SINCE Australians woke to the news of the counter-terrorism raids in Sydney, Brisbane and Logan, talkback radio and the TV news have filled with talk of "home-grown terrorism" and "enemies within".
There have been claims that Australia's half-a-million Muslims have particular difficulty "fitting in". That's not unique to Australia. For instance, in the United Kingdom, it is sometimes claimed that Muslim Britons live alongside - but not with - their non-Muslim citizens.
So what is the evidence that anything other than a tiny minority of Muslim Australians don't want to live decent, ordinary lives? And given the fierce anti-Islamic protests in some areas, what's the evidence that we should be afraid of mosques in our midst?
Are mosques the problem or part of the solution?

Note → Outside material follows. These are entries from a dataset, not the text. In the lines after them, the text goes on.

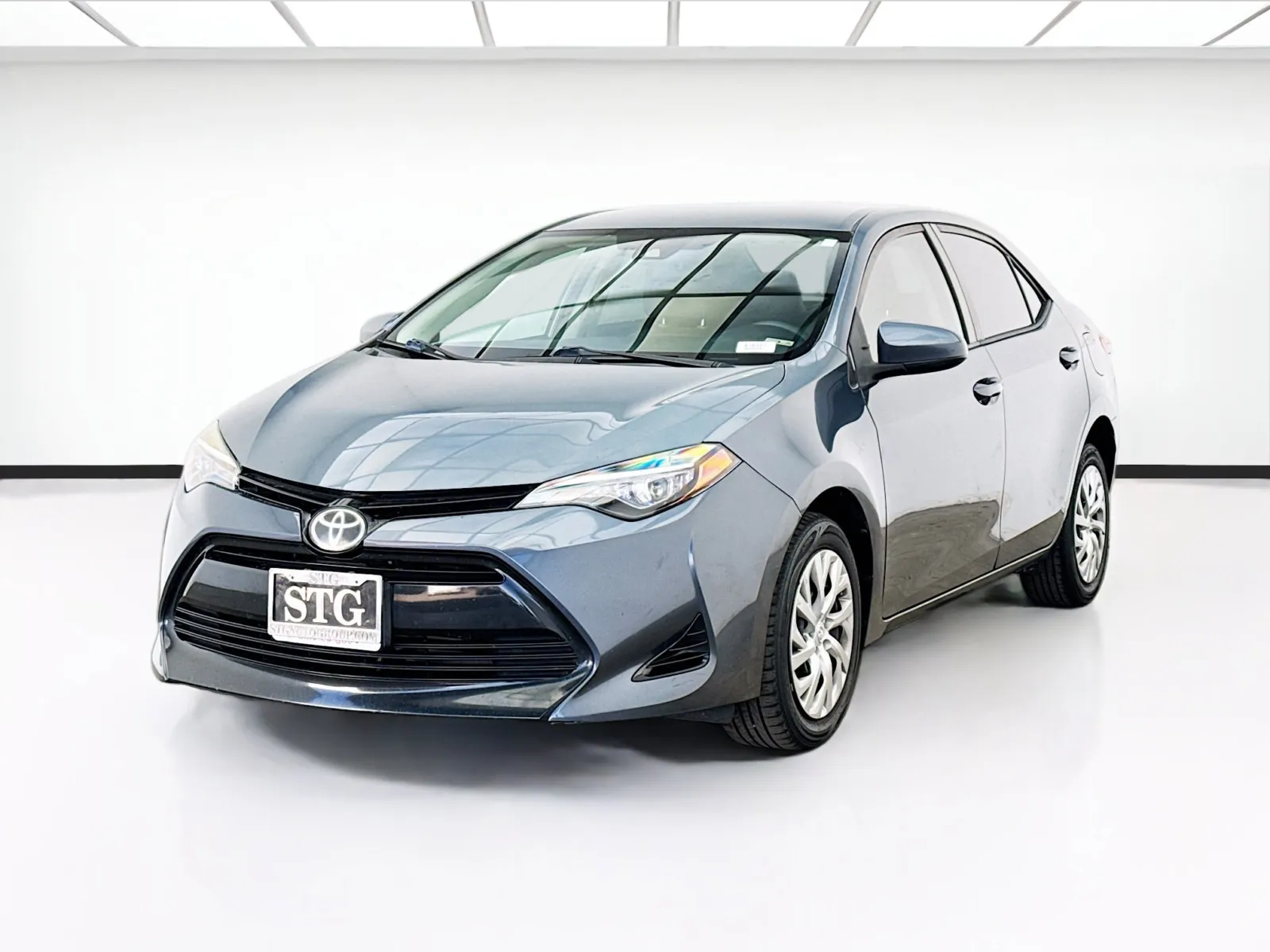 Gray 2017 Toyota Corolla LE for sale in Bellflower, CA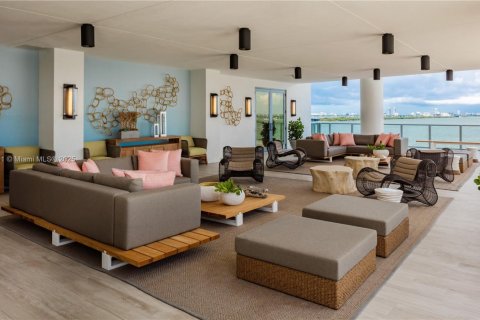 Купить кондоминиум в Майами, Флорида 1 спальня, 87.7м2, № 1958799 - фото 24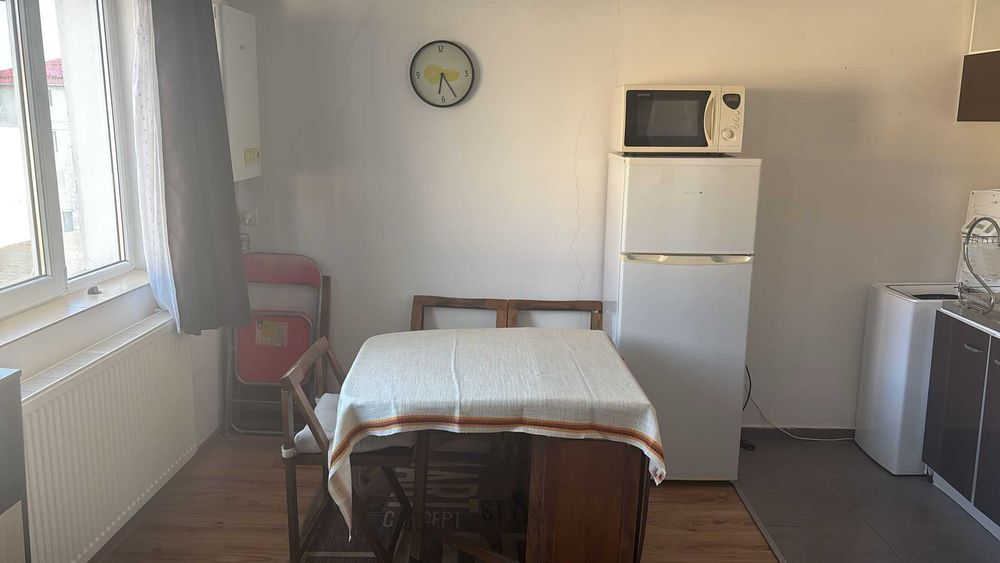 garsoniera de inchiriat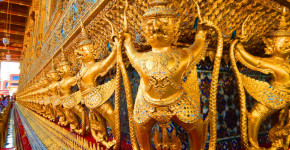 Wat Pra Keaw: The Grand Palace | Things To Do In Bangkok Don't Touch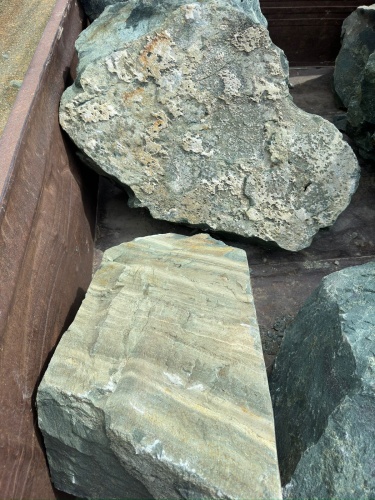 Ландшафтные глыбы зелёные 200-500 килограмм купить в Новокузнецке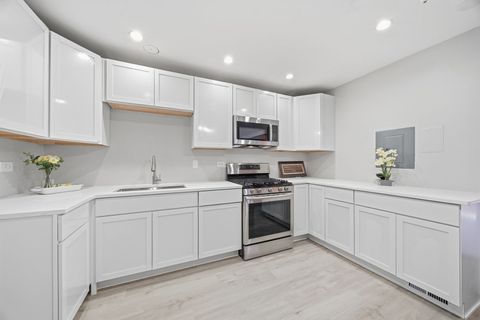 Tiny photo for 949 Mosby Court, Joliet, IL 60431 (MLS # 12614492)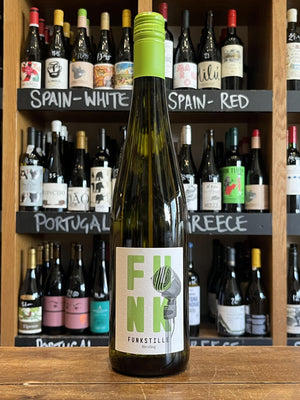 Funkstille - Riesling-Seven Cellars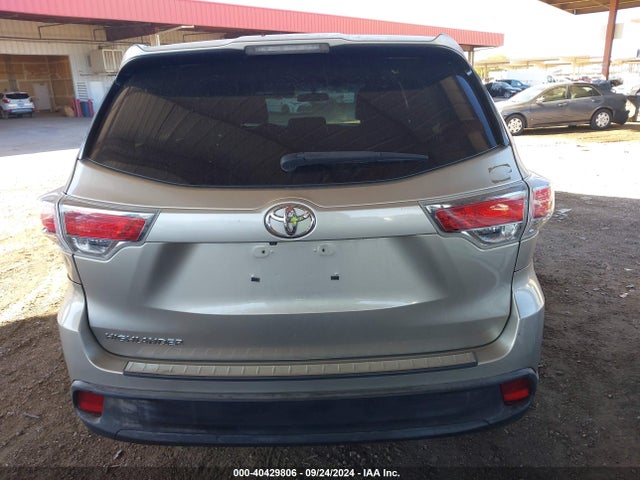 Toyota Highlander Le 2016 5TDZARFH2GS022160 Image 16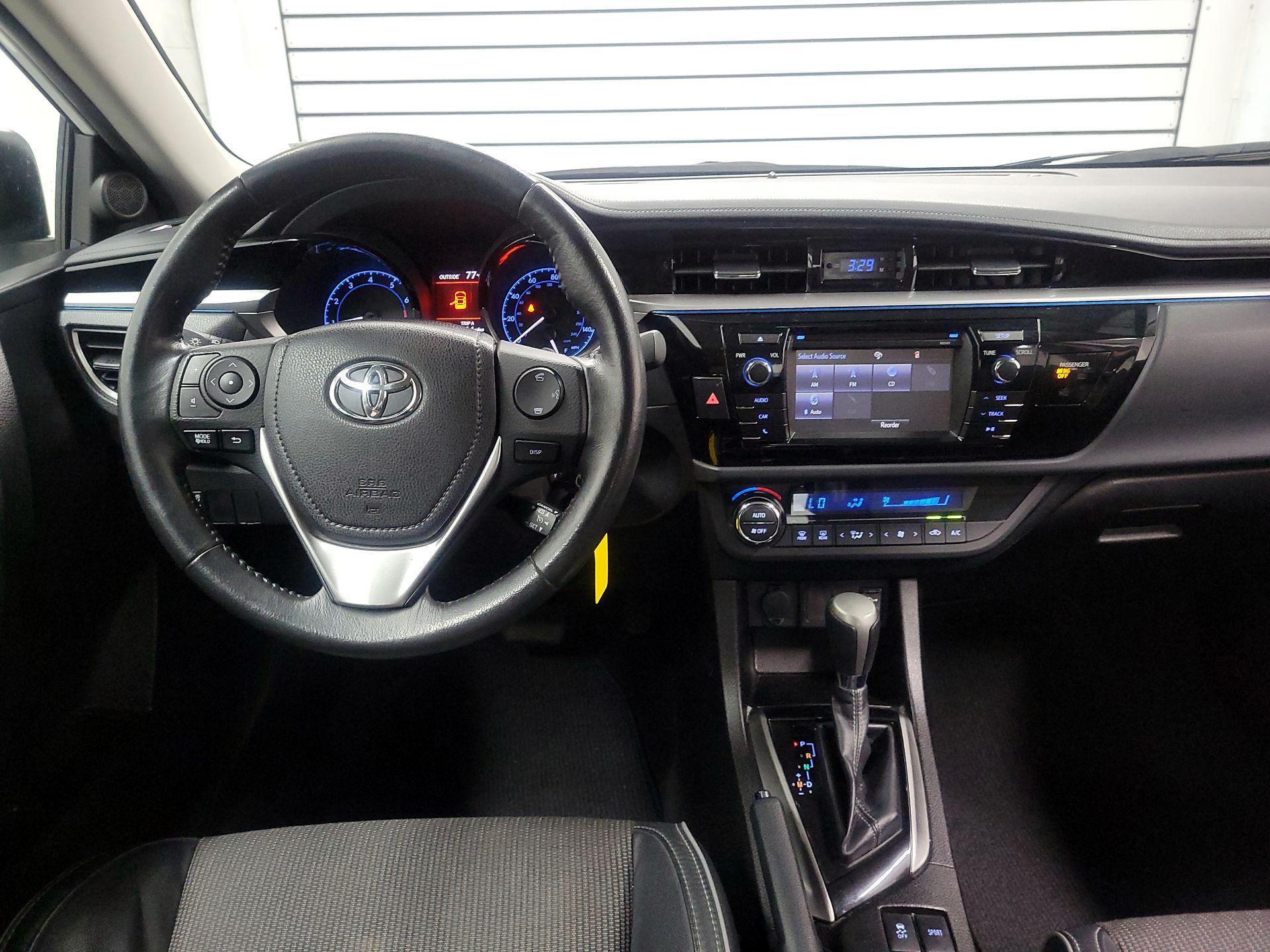 Thumbnail: 2015 Toyota Corolla - 9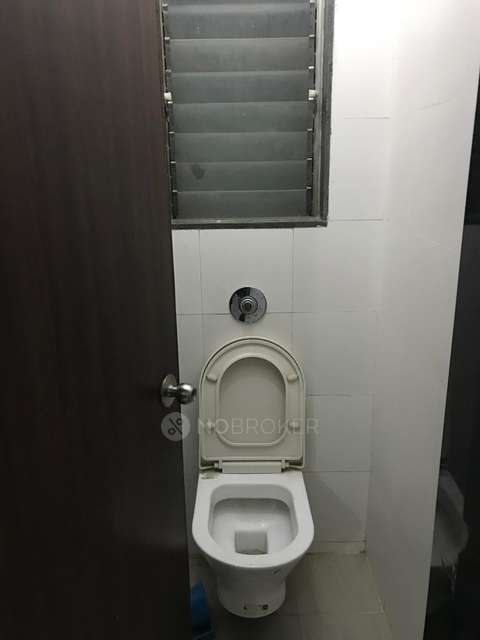 1 BHK Flat In Lodha Majestica Tower For Sale  In Thane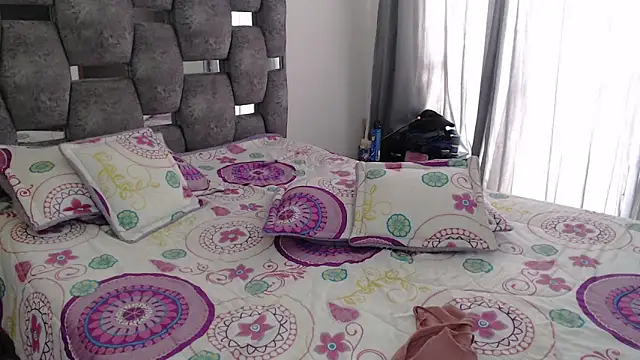 sara_hott_1 Chat XXX live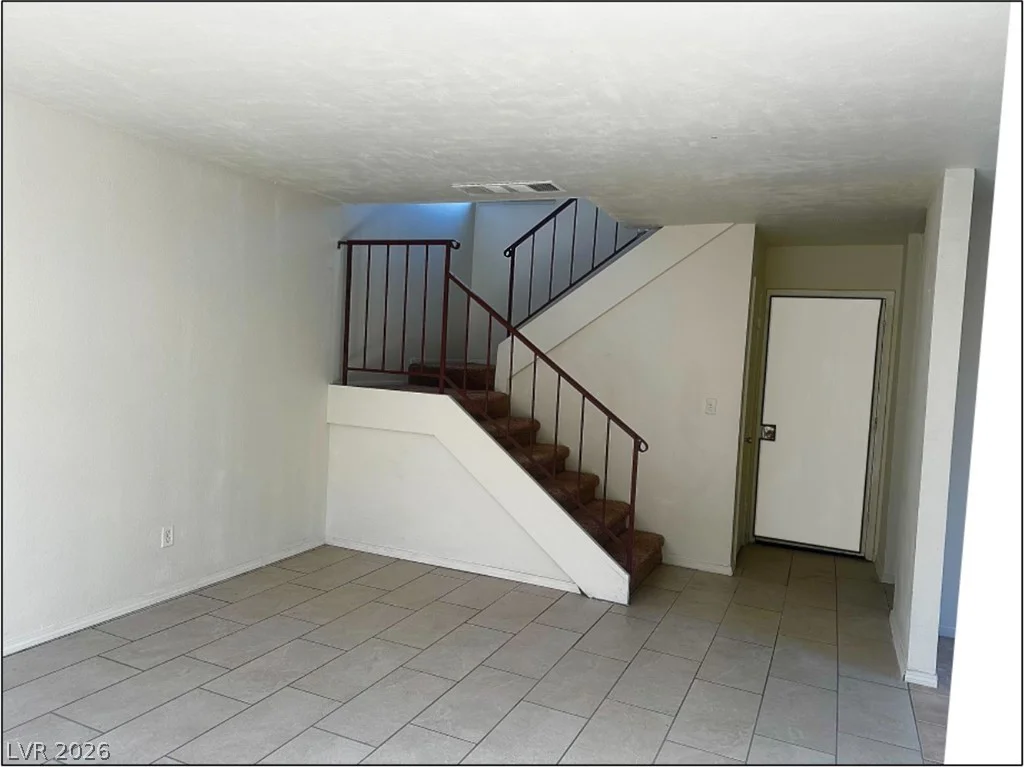 4338 Caliente, Las Vegas, NV 89119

Mosques are too easily characterised as incubators of separation and radicalisation, yet a recent report shows that as well as being places of prayer and communion, mosques have increasingly become places of social work.
Beyond these spectacular raids, there is the day-to-day counter-terrorism work that is done in our cities. That everyday effort includes police undertaking intelligence gathering and liaison work, and building good relationships with communities.
Indeed, a large part of the counter-terrorism work - the primary interventions against radicalisation - is done by and through the communities. This mode of policing is called "community policing" and involves co-operation with communities.
That work is done through community infrastructures, including local mosques and the Islamic associations.
Mosques are not our problem; instead, they are a fundamental part of the solution to radicalisation.